In deze strafzaak, behandeld door de Rechtbank Rotterdam, is de verdachte vrijgesproken van de tenlastegelegde feiten die verband houden met de Opiumwet. De zaak betreft een incident dat plaatsvond op 2 oktober 2019, toen de woning van de vriendin van de verdachte werd doorzocht naar aanleiding van een MMA-melding over een vuurwapen. Tijdens deze doorzoeking werden in de woning verdovende middelen aangetroffen, waaronder MDMA en cocaïne, in een tas en een krabpaal. De officier van justitie eiste een gevangenisstraf van negen maanden, maar de rechtbank oordeelde dat het bewijs onvoldoende was om de verdachte te veroordelen.

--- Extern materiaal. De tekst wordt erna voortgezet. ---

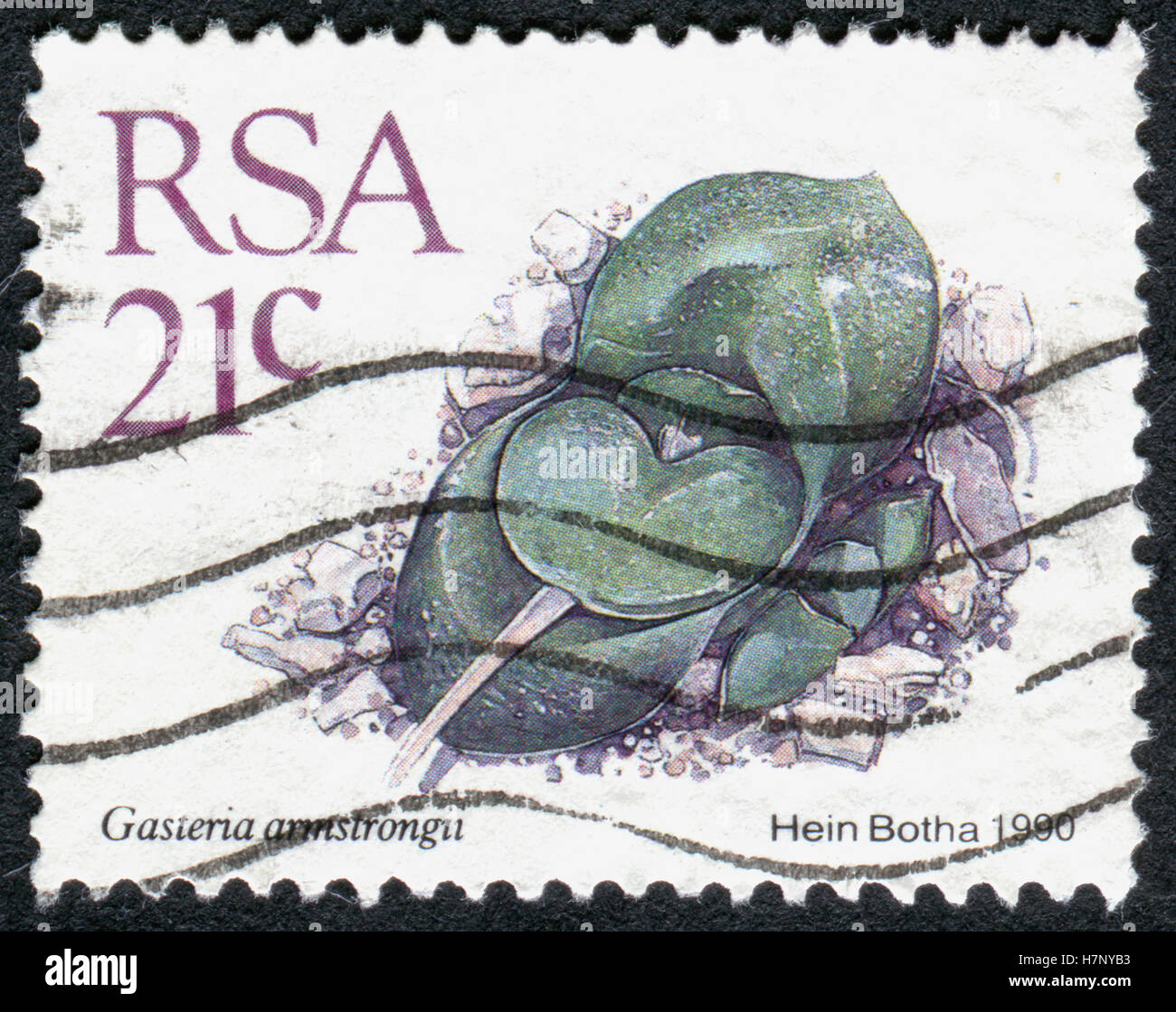 SOUTH AFRICA - CIRCA 1990: A stamp printed in South Africa, shows a dwarf succulent plant Gasteria armstrongii, circa 1990 Stock Photo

De rechtbank concludeerde dat er geen wettig en overtuigend bewijs was dat de verdachte op de hoogte was van de aanwezigheid van de drugs. De enige aanwijzing was een visitekaartje van de verdachte dat in de tas werd aangetroffen, maar dit was onvoldoende om te bewijzen dat de drugs van hem waren. De rechtbank merkte op dat de dossiervorming summier was en dat er geen aanvullend bewijs was dat de verdachte in bezit was van de drugs. Daarom werd de verdachte vrijgesproken van het ten laste gelegde feit.
De uitspraak werd gedaan door een meervoudige kamer van de rechtbank, bestaande uit de voorzitter en twee andere rechters, en vond plaats op 31 januari 2020. De beslissing om vrijspraak te verlenen werd genomen na zorgvuldige overweging van het bewijs en de verklaringen van de betrokkenen.